The same can be true with cash.

To demand that cash maintains its purchasing power, is the same as ancient farmers demanding to purchase grain from their neighbour (who did save) in a bad year as they themselves got paid for their grain during the good years.

In periods of growth, we may start to think that positive time preference is natural. But the fact is that throughout most of human history, we would switch to negative time preference in good times, since we expected bad times to come back. During good times, humans would store grain, dry meat, fish and fruit, build housing, tools or boats, all of which were investments into goods that were likely to gradually perish over time.

Even after people started to use coins, this was true. If you produced a surplus during one year, you could trade it for cold coin instead of storing it. But not only was there a risk that the coins would be stolen or otherwise vanish, it was also highly likely that at the time where you needed to spend that goal, prices would be higher.

danuker|3 years ago

Negative interest rates mean more than your units of currency going down in purchasing power.

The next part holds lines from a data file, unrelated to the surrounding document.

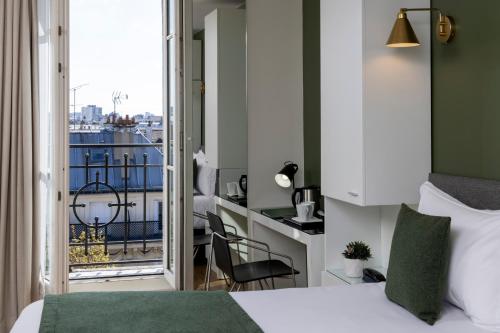 a hotel room with a bed and a balcony at Hôtel Brady in Paris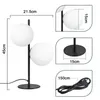 A diagram showing the dimensions of a black table lamp with two white globe-shaped lights. Náhľad obrázku produktu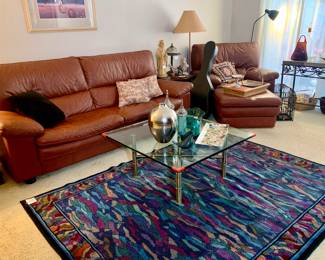 Fun designer rug, Leather Couch, glass top brass leg coffee table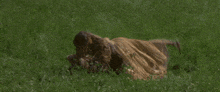 a person is laying in the grass with their legs crossed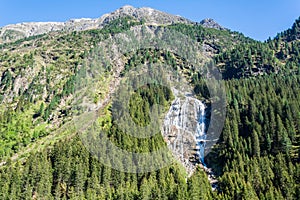 Mountainous landscape with Grawa waterfall 180m in Stubaital valley in Tyrol, Austria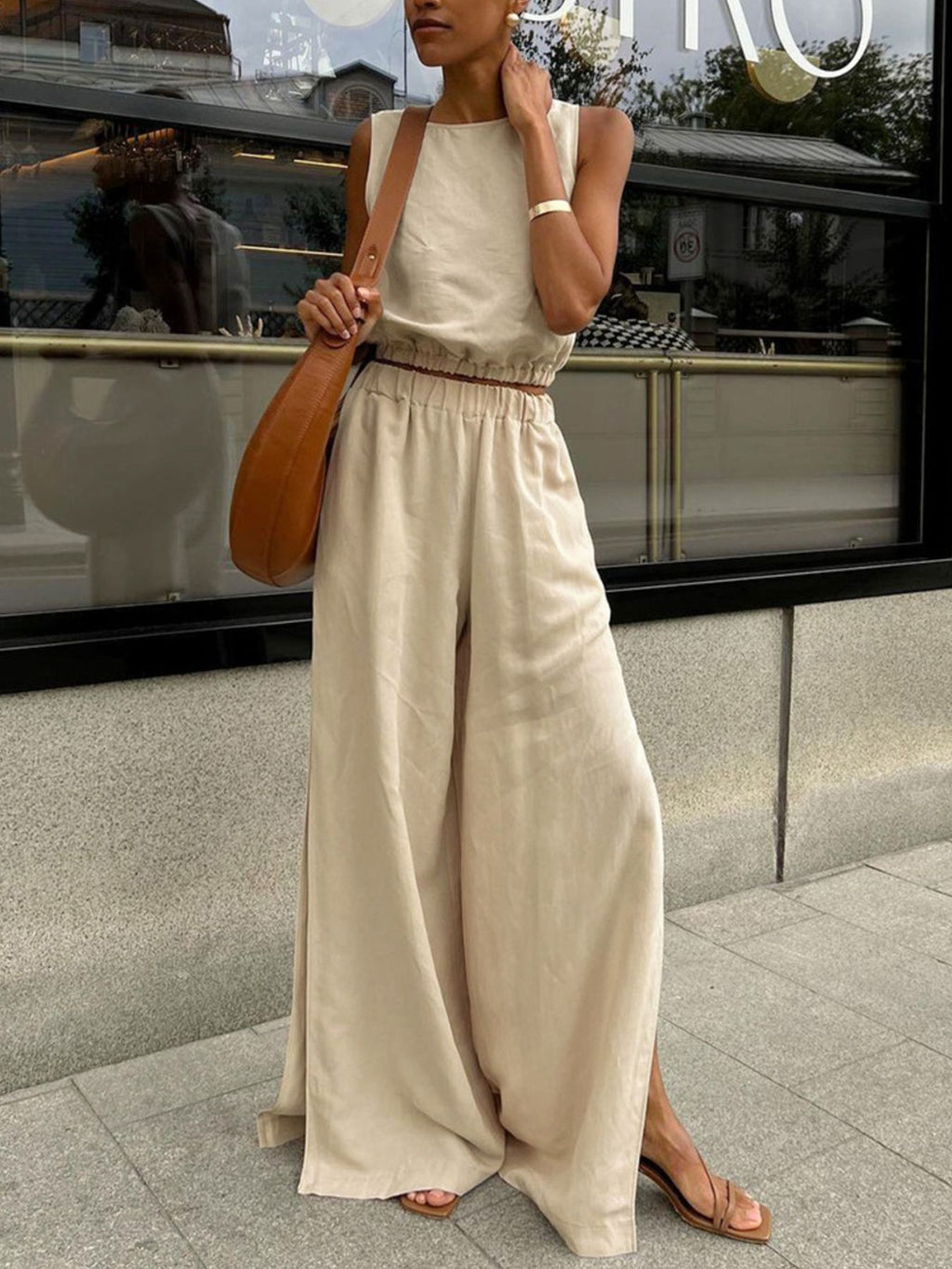 Belle Bijouix Sleeveless Crop Top and Slit Pants Set in beige with tan crossbody bag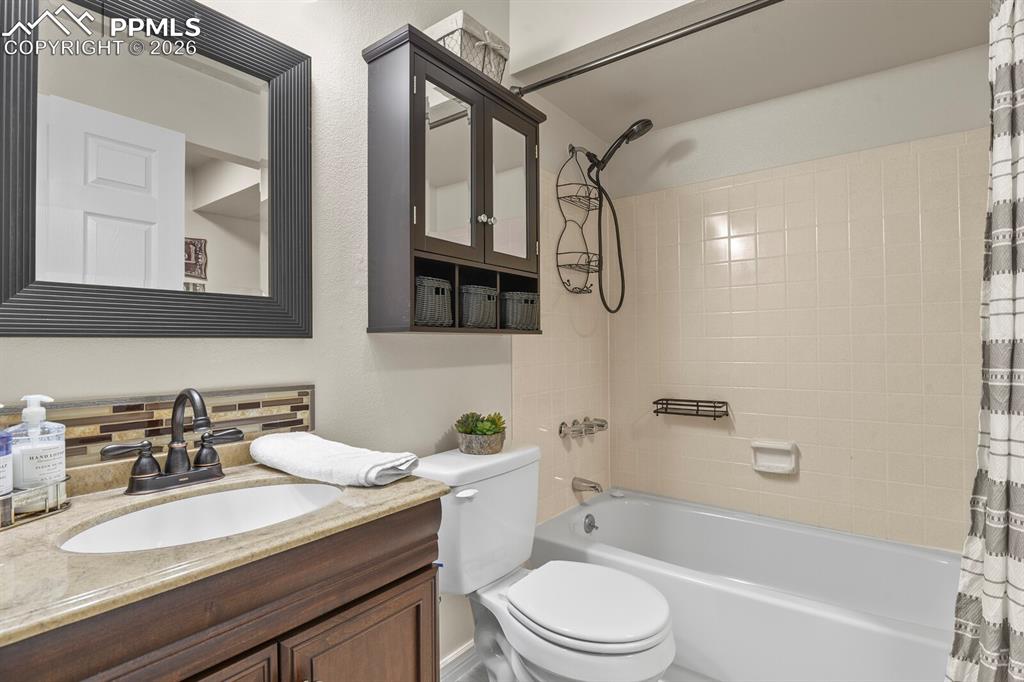 Bathroom with vanity and shower / bath combination with curtain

It also means them going down in number (a bank CHARGES you for the costs incurred holding your money).

kube-system|3 years ago

No, interest rates are quoted nominally -- i.e. they are independent of inflation.

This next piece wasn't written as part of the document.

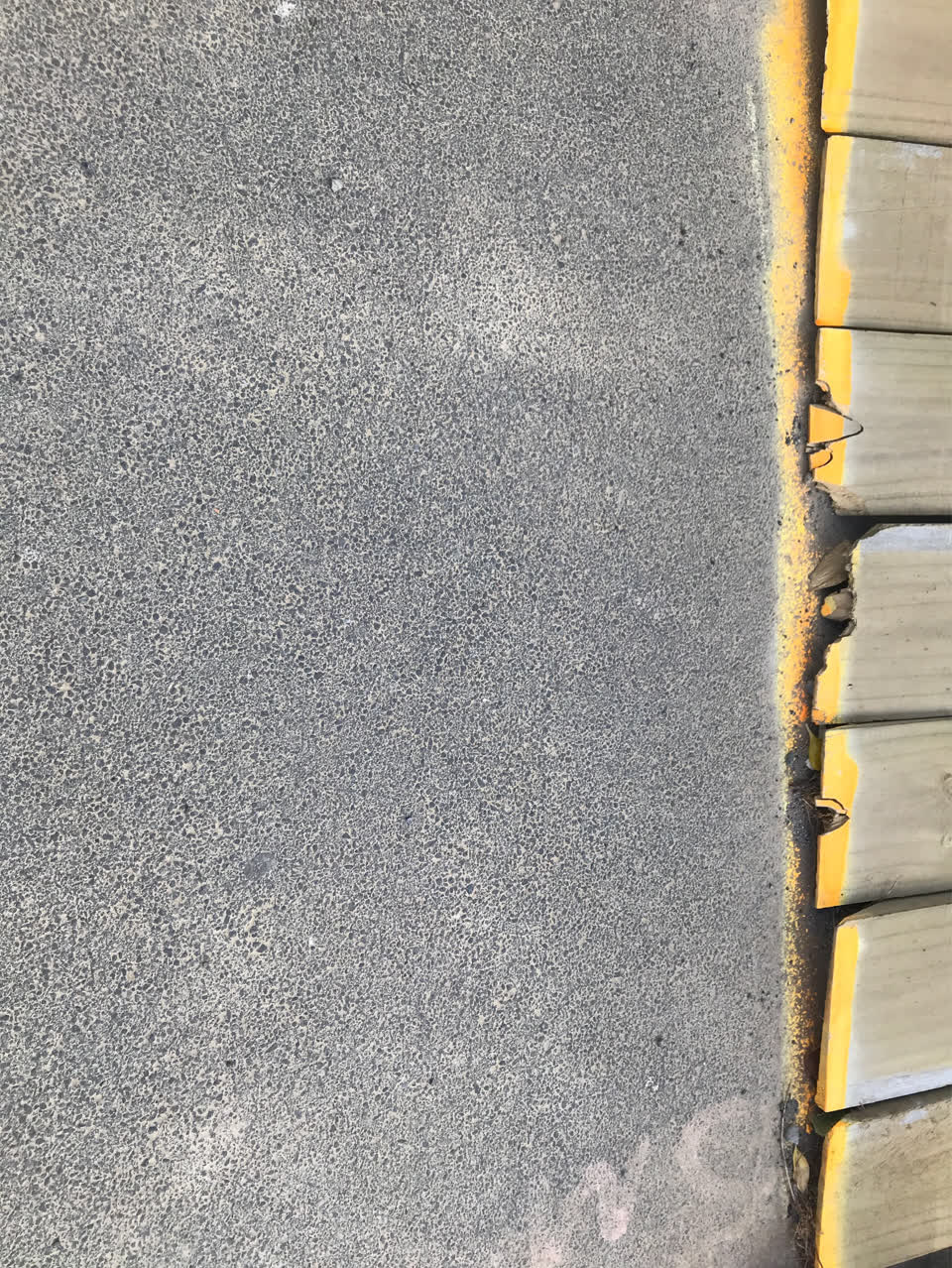 The photograph attached to this pavement - damaged report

If you purchase a negative interest rate instrument and experience inflation, you will lose real value to both.

imtringued|3 years ago

If there is a negative interest rate of 4% on cash, then the easiest way to avoid it would be to lend out your money at 0%. Since there is no growth dependence and excessive savings do not grow automatically anymore there is no need for inflation and the central bank can do price level targeting instead.

Tenoke|3 years ago

If you think 50% cost overruns and overheads are uncommon for state sponsored projects.. you will be right but only because often the actual numbers are much higher.

ncmncm|3 years ago

Maybe if they had to be state-sponsored, we could manage to do entirely without them, instead.

But it didn:t save France from needing to spend tens of $billions decommissioning old junk reactors.

fulafel|3 years ago

States tend to have self imposed debt limiting policies, so opportunity costs are still there for investments.

strainer|3 years ago

A project should garner favorable financing arrangements for its merits, not for its risks.

danans|3 years ago

Merit must be determined in a way that includes known risks. Anything otherwise would be fraudulent.

Krasnol|3 years ago

Why should states invest it's taxpayer money into overpriced and slow technology when there are cheaper and fast improving alternatives?

sofixa|3 years ago

Because you can start a project with the existing, proven and expensive tech today. Grid-scale storage is purely theoretical today (bar pumped-up hydro, which is infeasible in most locations). There's lots of hope, and money should be invested in the various alternatives, absolutely. But nobody can say when and if that tech would be ready.

babypuncher|3 years ago

Hedging your bets. We know nuclear works. Grid-scale energy storage for renewables still feels far fetched. Maybe it's not. Either way, we should not put all our eggs in one basket.

xienze|3 years ago

Because transitioning over to green technology is a decades-long project, it's not something you can just snap your fingers and make happen, as many countries are discovering. You still need non-renewable energy sources to fill in the gaps that renewables currently have.

xyzzyz|3 years ago

There are no cheaper and fast improving alternatives to provide plentiful electricity at 9pm every single day.

BurningFrog|3 years ago

Note that solar and wind power are NOT alternatives to the predictable base load of nuclear, hydro, or fuel burning power generation.

stewbrew|3 years ago

The state better invests the money in cheaper technologies. Why should it waste the money on nuclear plants?

Edit: To the downvoters: Seriously, why should the state waste money on a technology that doesn't work and never has? More than half of France's nuclear power plants are currently offline and in maintainence mode. Maybe also because they could not produce electricity at market prices.

ryan93|3 years ago

They get 80% of their electricity from nuclear. And even export some.